|Dilworth, Carla - REDLANDS C.C.|
|Appedu, Lisa - SWOSU|
|Perkins, Ashley - REDLANDS C.C.|
|Dawkins, David - REDLANDS C.C.|
|Biles, Charles - EAST CENTRAL U.|
Submitted to: Research Day Abstracts: Regional Universities Research Day
Publication Type: Abstract Only
Publication Acceptance Date: August 15, 2002
Publication Date: November 1, 2002
Citation: DILWORTH, C., APPEDU, L., BROWN, M.A., STARKS, P.J., PERKINS, A., DAWKINS, D., BILES, C. EFFECT OF SAMPLING METHOD ON ESTIMATES OF FORAGE QUALITY AND DIGESTIBILITY. RESEARCH DAY ABSTRACTS: REGIONAL UNIVERSITIES RESEARCH DAY. 2002. Abstract p. 73. Interpretive Summary: Abstract Only.

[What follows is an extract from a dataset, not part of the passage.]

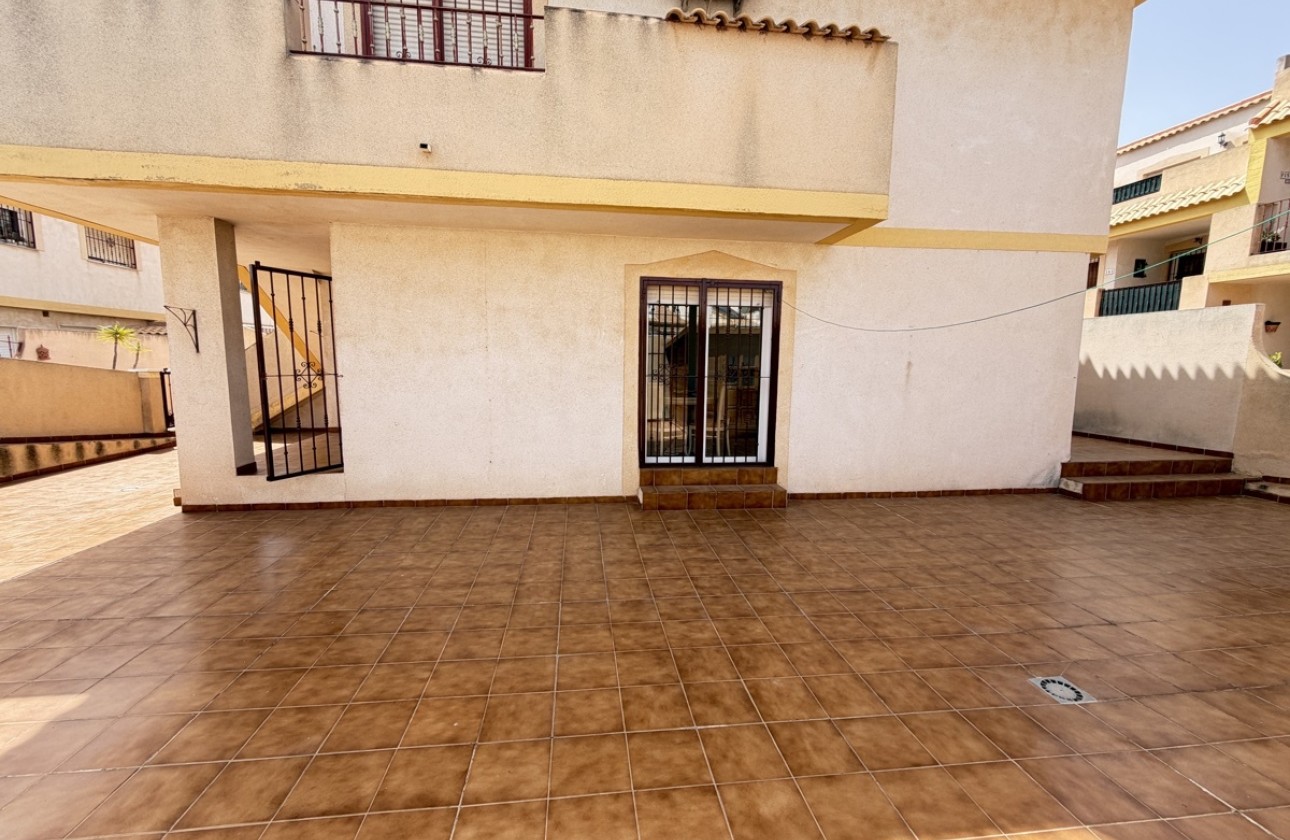 Sprzedaż - Apartament / Mieszkanie -
La Zenia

Technical Abstract: Forage utilization may be improved by supplementing grazing animals with specific nutrients that are deficient in the forage. Timely identification of nutrient deficiencies in forages can be difficult when done through clip sampling and laboratory analyses. This research at the Grazinglands Research Laboratory studied the potential of using in situ remote sensing to estimate forage nutrients on a real-time basis, as compared to collecting and analyzing random (all grass species from a random quadrat) or selected (bermudagrass only) pasture samples for purposes of formulating supplements for improving lamb gain and forage digestibility. Forages were evaluated in four, 1.6-hectare mixed-plant-specie pastures that were predominantly bermudagrass. Pastures were grazed by 7 to 13 lambs from June 5 to July 31, 2002. Lambs from two pastures received supplements according to remotely-sensed real-time forage quality estimates and average lamb weight; supplements were changed biweekly. No differences in overall lamb gains, forage nutrient quality, or forage digestibility were found between supplemented versus unsupplemented pastures (P > 0.10). Crude protein content declined (P < 0.05) over the grazing season, while changes in fiber content depended on sampling method; remote sensing overestimated (P = 0.02) acid detergent fiber and underestimated (P < 0.001) neutral detergent fiber as compared to samples analyzed in the laboratory. A decline in forage digestibility over time was found when using selected clipped samples but not in random clipped samples (sampling method x time interaction; P < 0.001). Forage digestibility estimated from lamb fecal samples also declined over time, suggesting lambs consumed a diet more similar to selected clipped samples. Results suggest remotely-sensed estimates of forage quality may be more beneficial in guiding supplementation regimens when the remotely-sensed data accounts for selectivity by the grazing animals.